Anonymize GitHub repos for double-blind submission

Posted on Wed 23 October 2019 in research

Many venues for submitting research in computer science and other academic fields follow a double-blind review process, in which the authors should be anonymous to the reviewers. This can cause conflicts with ideas from open science or with the evaluation of software contributions as any linked GitHub repositories can contain identifying information about the authors. In this post I'll describe how I set up my LaTeX projects to facilitate double blind submission.

Example document

Imagine that we have written the following highly-complex research paper in LaTeX:

\documentclass[sigconf,anonymous]{acmart}
\begin{document}
\author{Micah Smith}
\title{Title}
\maketitle
Here is my code: \url{https://github.com/micahjsmith/code}.
\end{document}

We're using the popular acmart class file which is used in computer science conferences like CHI, SIGMOD, KDD, etc. This class has an anonymous option which serves to anonymize the author list anywhere it appears. But the repo I have linked still gives away identifying information: the organization name appears in the URL and if one clicks through, the name of the authors and institution appear prominently.

Anonymizing the repo

One approach to providing anonymous access to our important code is to manually remove identifying information from files, create an archive (e.g. code.tar.gz) and upload it as supplementary material.

This has several drawbacks:

  • not all submission sites allow this form of upload
  • a tarball is not a friendly way to share code, as the reviewer attempts to browse code from their file system and may not have editors configured to display your file types with the correct syntax highlighting, etc.
  • you may forget to update the archive if you have updating your code and submission.

A better approach is to use a service like Anonymous GitHub, which proxies requests to your live GitHub repository and strips identifying information based on your custom configuration.

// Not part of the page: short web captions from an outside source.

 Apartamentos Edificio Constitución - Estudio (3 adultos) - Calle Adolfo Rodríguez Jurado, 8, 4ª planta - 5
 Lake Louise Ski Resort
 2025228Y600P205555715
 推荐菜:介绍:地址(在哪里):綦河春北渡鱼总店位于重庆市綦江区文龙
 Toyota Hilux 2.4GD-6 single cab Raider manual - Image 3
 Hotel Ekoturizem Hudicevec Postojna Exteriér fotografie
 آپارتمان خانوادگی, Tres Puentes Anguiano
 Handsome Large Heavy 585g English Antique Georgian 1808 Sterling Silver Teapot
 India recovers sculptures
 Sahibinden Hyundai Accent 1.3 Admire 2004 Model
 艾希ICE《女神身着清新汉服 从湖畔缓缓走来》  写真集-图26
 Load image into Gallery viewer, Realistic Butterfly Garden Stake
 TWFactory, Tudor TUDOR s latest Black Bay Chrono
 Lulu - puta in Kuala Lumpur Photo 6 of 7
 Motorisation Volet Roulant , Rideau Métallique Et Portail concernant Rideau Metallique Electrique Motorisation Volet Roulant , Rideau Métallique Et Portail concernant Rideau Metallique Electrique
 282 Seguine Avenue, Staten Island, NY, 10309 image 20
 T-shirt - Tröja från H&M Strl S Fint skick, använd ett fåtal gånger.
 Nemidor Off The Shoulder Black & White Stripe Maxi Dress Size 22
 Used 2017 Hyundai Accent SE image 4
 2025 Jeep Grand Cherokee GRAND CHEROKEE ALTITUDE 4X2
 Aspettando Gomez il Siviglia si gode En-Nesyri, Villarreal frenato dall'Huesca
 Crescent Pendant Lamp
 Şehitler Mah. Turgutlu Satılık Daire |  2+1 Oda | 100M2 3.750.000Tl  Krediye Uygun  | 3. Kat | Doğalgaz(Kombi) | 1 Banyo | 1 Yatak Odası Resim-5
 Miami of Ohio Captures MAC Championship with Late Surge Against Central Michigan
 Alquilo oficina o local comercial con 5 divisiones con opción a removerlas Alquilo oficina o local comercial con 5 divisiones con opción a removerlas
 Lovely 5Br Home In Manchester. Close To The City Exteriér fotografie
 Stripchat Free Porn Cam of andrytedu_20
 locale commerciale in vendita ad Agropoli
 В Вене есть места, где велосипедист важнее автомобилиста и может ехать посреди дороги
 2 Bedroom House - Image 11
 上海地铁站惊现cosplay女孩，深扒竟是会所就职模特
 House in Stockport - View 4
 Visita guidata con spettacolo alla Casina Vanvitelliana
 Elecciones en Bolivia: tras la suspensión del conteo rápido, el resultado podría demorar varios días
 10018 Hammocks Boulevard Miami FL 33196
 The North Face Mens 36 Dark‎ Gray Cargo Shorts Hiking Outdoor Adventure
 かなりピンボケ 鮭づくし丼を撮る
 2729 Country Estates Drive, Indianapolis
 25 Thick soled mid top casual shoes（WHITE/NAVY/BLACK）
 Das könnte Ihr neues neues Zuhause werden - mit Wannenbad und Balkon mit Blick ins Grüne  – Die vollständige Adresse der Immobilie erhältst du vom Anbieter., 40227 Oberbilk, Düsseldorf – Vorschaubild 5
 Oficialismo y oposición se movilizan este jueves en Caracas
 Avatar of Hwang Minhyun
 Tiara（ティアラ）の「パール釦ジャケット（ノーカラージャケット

To use Anonymous GitHub, paste the URL of a GitHub repository and list of terms to anonymize from every file; terms will be replaced with XXX.

In our case, we want to anonymize the terms Micah Smith and MIT. So we could start with the following term list:

Micah Smith
MIT

The problem with this is that the linked software has been released under the MIT License, so a reviewer viewing the README or LICENSE would see the license is called XXX License (because it has been anonymized) and conclude that the author is from MIT, breaking the anonymity. Other substring matches could cause issues in similar situations.

The solution is to take advantage of the (undocumented) full regex matching that Anonymous GitHub will perform. Each line can contain an arbitrary Python regex. Thus we can match MIT only when it is not followed by the characters License using a negative lookahead:

Micah Smith
MIT(?! License)

The result is an anonymized repo that can be shared with reviewers: https://anonymous.4open.science/r/code-7E01

Referencing the repo

We could just copy and paste the new link into our LaTeX document, but that's too easy, isn't it? A flexible approach is to store the original URL and the anonymized URL in variables and place the appropriate one into the text based on whether the version being compiled is anonymized or not.

\documentclass[sigconf,anonymous]{acmart}

\newcommand{\repourl}{https://github.com/micahjsmith/code}

% can be placed in 'anonymize.tex' and input to the main file
\makeatletter
  \if@ACM@anonymous
    \renewcommand{\repourl}{https://anonymous.4open.science/r/code-7E01}
  \fi
\makeatother

\begin{document}
\author{Micah Smith}
\title{Title}
\maketitle
Here is my code: \url{\repourl}.
\end{document}

In this case, I searched the acmart.cls class file for the anonymous flag finding the command \if@ACM@anonymous. You can freely use this command as a switch within your document if you jump through the usual \makeatletter/\makeatother hoops. For a different document format, different logic would be needed. For example, IEEEtran.cls defines the \ifCLASSOPTIONpeerreview conditional, but fewer IEEE conferences use double-blind review.

When (when!) your paper is accepted, you can simply remove the anonymous flag from your document class declaration, and the original link will replace the anonymized link without needing to look through the document.

Conclusion

Using Anonymous GitHub and some LaTeX tricks, our paper appears as normal when the anonymous flag is not set. But when the anonymous flag is set on the document class, our readers can click through to an anonymized rendering of our repository.

What approach have you used to anonymizing your submissions?